Recorded information: Begin
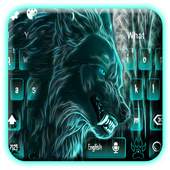 Neon Wolf Keyboard Theme 10001002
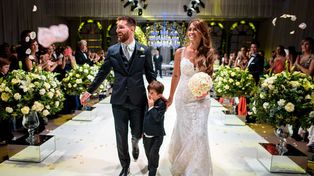 Ya declarados oficialmente marido y mujer. &nbsp;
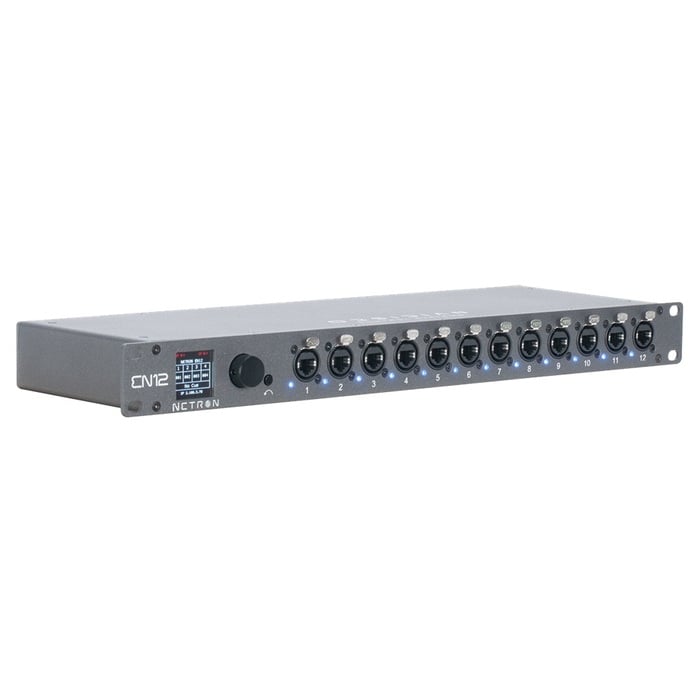 Obsidian Control Systems EN12-45 Ethernet To DMX Gateway With Twelve RDM Compatible RJ45 DMX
Recorded information: End
Could the data above be returned in full, exactly, with every image left out?

> _Answer space_
 Neon Wolf Keyboard Theme 10001002
 Ya declarados oficialmente marido y mujer. &nbsp;
 Obsidian Control Systems EN12-45 Ethernet To DMX Gateway With Twelve RDM Compatible RJ45 DMX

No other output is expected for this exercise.